Material for this exercise: Begin
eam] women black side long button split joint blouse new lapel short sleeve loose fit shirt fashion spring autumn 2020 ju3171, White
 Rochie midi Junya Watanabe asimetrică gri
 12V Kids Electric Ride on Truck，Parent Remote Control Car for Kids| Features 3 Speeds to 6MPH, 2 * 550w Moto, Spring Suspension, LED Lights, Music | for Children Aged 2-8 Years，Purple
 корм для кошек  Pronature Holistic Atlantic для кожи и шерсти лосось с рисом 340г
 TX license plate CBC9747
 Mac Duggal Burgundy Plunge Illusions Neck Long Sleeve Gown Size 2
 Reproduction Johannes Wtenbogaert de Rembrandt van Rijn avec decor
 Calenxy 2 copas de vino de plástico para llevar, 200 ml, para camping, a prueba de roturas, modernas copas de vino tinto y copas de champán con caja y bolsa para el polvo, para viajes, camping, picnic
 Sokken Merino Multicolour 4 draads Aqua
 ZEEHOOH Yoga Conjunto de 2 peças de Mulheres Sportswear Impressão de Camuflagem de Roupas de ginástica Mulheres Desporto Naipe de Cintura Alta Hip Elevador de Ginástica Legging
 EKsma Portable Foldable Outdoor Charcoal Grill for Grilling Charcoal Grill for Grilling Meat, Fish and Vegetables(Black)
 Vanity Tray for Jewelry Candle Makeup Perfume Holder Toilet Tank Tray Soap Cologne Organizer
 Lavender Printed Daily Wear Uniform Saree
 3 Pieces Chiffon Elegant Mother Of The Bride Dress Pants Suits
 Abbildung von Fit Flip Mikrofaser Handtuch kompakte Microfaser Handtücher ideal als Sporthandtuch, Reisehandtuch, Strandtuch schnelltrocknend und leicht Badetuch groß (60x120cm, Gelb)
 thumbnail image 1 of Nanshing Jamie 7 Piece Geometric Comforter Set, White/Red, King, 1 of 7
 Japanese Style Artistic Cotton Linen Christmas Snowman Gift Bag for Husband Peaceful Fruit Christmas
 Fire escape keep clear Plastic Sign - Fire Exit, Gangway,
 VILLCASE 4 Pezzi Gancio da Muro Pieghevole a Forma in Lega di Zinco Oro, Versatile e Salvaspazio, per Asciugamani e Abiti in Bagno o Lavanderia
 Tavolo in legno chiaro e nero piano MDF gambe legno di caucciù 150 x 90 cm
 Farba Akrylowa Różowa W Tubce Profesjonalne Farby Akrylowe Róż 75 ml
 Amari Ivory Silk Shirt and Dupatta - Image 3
Material for this exercise: End
__Problem requirements__
The expected output is every record, repeated exactly.

__Answer to the problem__
eam] women black side long button split joint blouse new lapel short sleeve loose fit shirt fashion spring autumn 2020 ju3171, White
 Rochie midi Junya Watanabe asimetrică gri
 12V Kids Electric Ride on Truck，Parent Remote Control Car for Kids| Features 3 Speeds to 6MPH, 2 * 550w Moto, Spring Suspension, LED Lights, Music | for Children Aged 2-8 Years，Purple
 корм для кошек  Pronature Holistic Atlantic для кожи и шерсти лосось с рисом 340г
 TX license plate CBC9747
 Mac Duggal Burgundy Plunge Illusions Neck Long Sleeve Gown Size 2
 Reproduction Johannes Wtenbogaert de Rembrandt van Rijn avec decor
 Calenxy 2 copas de vino de plástico para llevar, 200 ml, para camping, a prueba de roturas, modernas copas de vino tinto y copas de champán con caja y bolsa para el polvo, para viajes, camping, picnic
 Sokken Merino Multicolour 4 draads Aqua
 ZEEHOOH Yoga Conjunto de 2 peças de Mulheres Sportswear Impressão de Camuflagem de Roupas de ginástica Mulheres Desporto Naipe de Cintura Alta Hip Elevador de Ginástica Legging
 EKsma Portable Foldable Outdoor Charcoal Grill for Grilling Charcoal Grill for Grilling Meat, Fish and Vegetables(Black)
 Vanity Tray for Jewelry Candle Makeup Perfume Holder Toilet Tank Tray Soap Cologne Organizer
 Lavender Printed Daily Wear Uniform Saree
 3 Pieces Chiffon Elegant Mother Of The Bride Dress Pants Suits
 Abbildung von Fit Flip Mikrofaser Handtuch kompakte Microfaser Handtücher ideal als Sporthandtuch, Reisehandtuch, Strandtuch schnelltrocknend und leicht Badetuch groß (60x120cm, Gelb)
 thumbnail image 1 of Nanshing Jamie 7 Piece Geometric Comforter Set, White/Red, King, 1 of 7
 Japanese Style Artistic Cotton Linen Christmas Snowman Gift Bag for Husband Peaceful Fruit Christmas
 Fire escape keep clear Plastic Sign - Fire Exit, Gangway,
 VILLCASE 4 Pezzi Gancio da Muro Pieghevole a Forma in Lega di Zinco Oro, Versatile e Salvaspazio, per Asciugamani e Abiti in Bagno o Lavanderia
 Tavolo in legno chiaro e nero piano MDF gambe legno di caucciù 150 x 90 cm
 Farba Akrylowa Różowa W Tubce Profesjonalne Farby Akrylowe Róż 75 ml
 Amari Ivory Silk Shirt and Dupatta - Image 3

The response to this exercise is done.